=== SUPPLIED ENTRIES ===

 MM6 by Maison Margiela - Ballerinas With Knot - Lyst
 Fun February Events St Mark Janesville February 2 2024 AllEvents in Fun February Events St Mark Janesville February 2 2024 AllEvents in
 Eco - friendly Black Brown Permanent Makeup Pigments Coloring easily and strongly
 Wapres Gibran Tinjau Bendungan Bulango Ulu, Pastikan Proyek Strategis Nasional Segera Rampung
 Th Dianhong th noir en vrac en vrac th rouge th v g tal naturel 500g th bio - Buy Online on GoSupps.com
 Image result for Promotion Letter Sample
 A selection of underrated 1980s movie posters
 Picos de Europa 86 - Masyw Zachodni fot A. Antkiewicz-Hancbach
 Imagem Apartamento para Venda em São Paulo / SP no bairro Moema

===
=== SUPPLIED ENTRIES ===

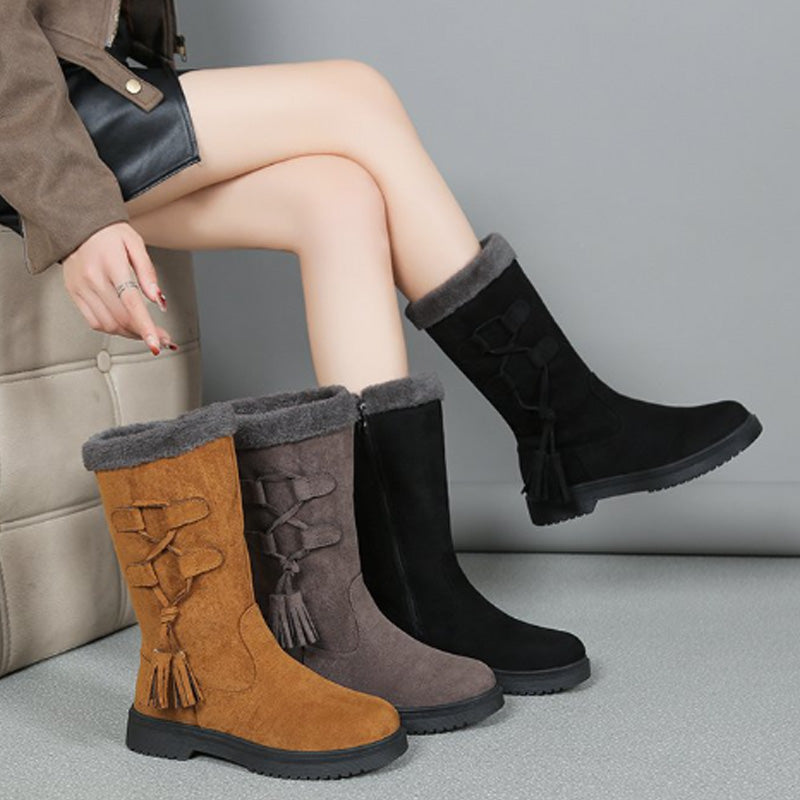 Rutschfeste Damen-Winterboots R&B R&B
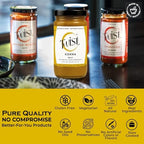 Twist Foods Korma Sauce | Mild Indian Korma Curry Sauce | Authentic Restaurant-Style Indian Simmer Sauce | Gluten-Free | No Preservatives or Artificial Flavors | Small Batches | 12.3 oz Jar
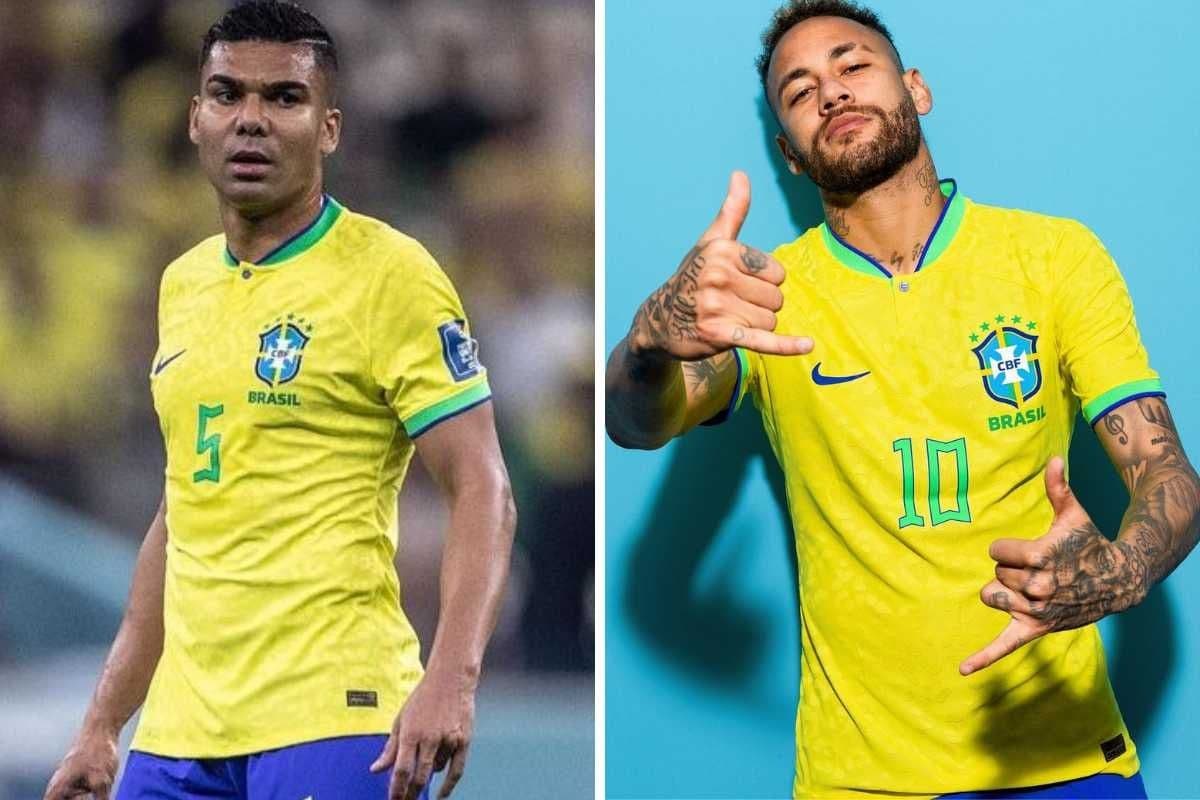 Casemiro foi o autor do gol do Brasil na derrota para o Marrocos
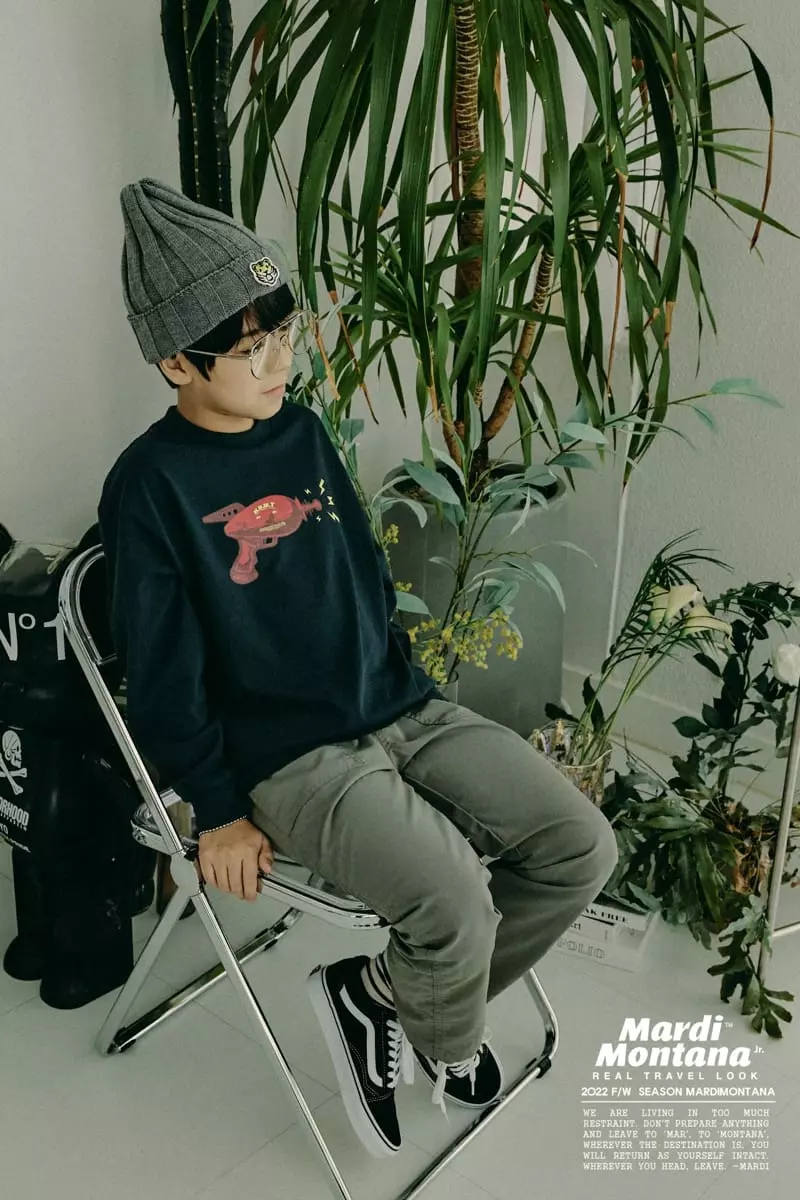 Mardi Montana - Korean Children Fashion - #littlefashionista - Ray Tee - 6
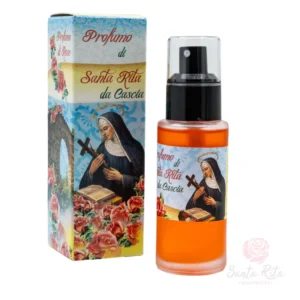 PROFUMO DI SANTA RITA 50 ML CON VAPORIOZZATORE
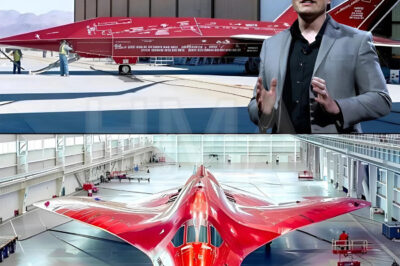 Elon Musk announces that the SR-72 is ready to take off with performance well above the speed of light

===
=== SUPPLIED ENTRIES ===

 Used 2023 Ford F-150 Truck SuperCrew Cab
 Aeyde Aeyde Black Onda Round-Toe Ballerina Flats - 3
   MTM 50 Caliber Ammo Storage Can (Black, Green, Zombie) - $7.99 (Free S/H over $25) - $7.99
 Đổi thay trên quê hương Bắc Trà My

===

* WORK INSTRUCTIONS *
Taking the entries above, write out exactly each line from the one holding "MM6 by Maison" to the one holding "Imagem Apartamento para", both included, and stop there.

* THE COMPLETED TASK *
 MM6 by Maison Margiela - Ballerinas With Knot - Lyst
 Fun February Events St Mark Janesville February 2 2024 AllEvents in Fun February Events St Mark Janesville February 2 2024 AllEvents in
 Eco - friendly Black Brown Permanent Makeup Pigments Coloring easily and strongly
 Wapres Gibran Tinjau Bendungan Bulango Ulu, Pastikan Proyek Strategis Nasional Segera Rampung
 Th Dianhong th noir en vrac en vrac th rouge th v g tal naturel 500g th bio - Buy Online on GoSupps.com
 Image result for Promotion Letter Sample
 A selection of underrated 1980s movie posters
 Picos de Europa 86 - Masyw Zachodni fot A. Antkiewicz-Hancbach
 Imagem Apartamento para Venda em São Paulo / SP no bairro Moema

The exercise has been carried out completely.